Dataset entries:
Start of Block

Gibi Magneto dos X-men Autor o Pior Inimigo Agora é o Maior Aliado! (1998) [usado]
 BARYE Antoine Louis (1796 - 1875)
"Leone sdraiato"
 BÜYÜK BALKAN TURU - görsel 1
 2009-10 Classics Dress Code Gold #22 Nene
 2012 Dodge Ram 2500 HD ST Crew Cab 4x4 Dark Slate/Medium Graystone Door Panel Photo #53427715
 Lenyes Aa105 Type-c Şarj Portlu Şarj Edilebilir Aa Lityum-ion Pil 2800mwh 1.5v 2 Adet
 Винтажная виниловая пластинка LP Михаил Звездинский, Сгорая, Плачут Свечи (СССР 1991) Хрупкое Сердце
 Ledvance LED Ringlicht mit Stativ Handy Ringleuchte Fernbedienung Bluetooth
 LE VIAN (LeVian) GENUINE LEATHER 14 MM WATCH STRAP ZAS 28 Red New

End of Block

_What to work on_
Your answer should hold exactly the lines from the one containing "Ledvance LED Ringlicht" through the end of the entries above, and nothing else.

_Finished task_
 Ledvance LED Ringlicht mit Stativ Handy Ringleuchte Fernbedienung Bluetooth
 LE VIAN (LeVian) GENUINE LEATHER 14 MM WATCH STRAP ZAS 28 Red New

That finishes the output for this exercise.